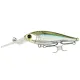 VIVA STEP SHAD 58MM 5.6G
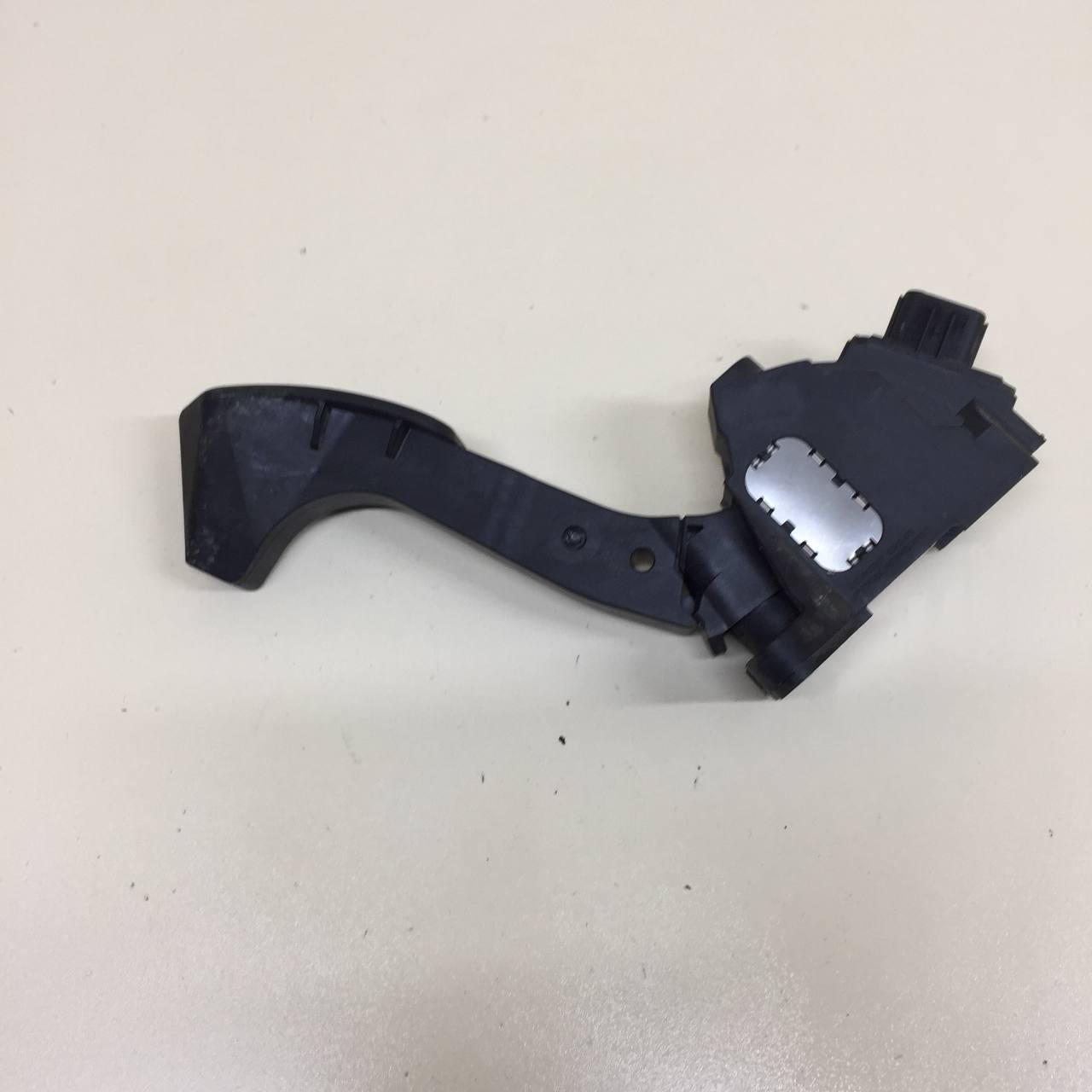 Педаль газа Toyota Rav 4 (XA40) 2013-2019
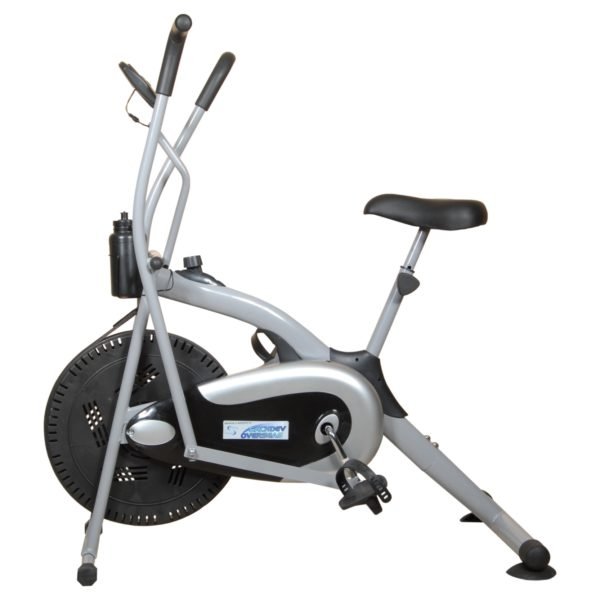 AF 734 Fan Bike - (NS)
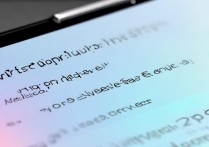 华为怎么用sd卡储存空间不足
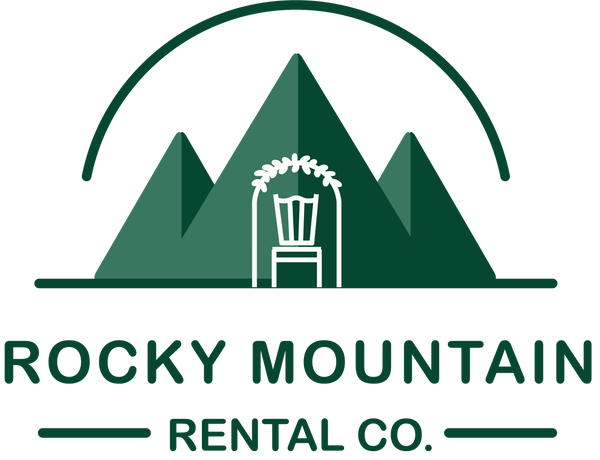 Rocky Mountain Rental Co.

◆ ◆ ◆ ◆ ◆

# What needs to be done
Leave out the pictures, and give all the records again exactly.

# Response area
 VIVA STEP SHAD 58MM 5.6G
 Педаль газа Toyota Rav 4 (XA40) 2013-2019
 AF 734 Fan Bike - (NS)
 华为怎么用sd卡储存空间不足
 Rocky Mountain Rental Co.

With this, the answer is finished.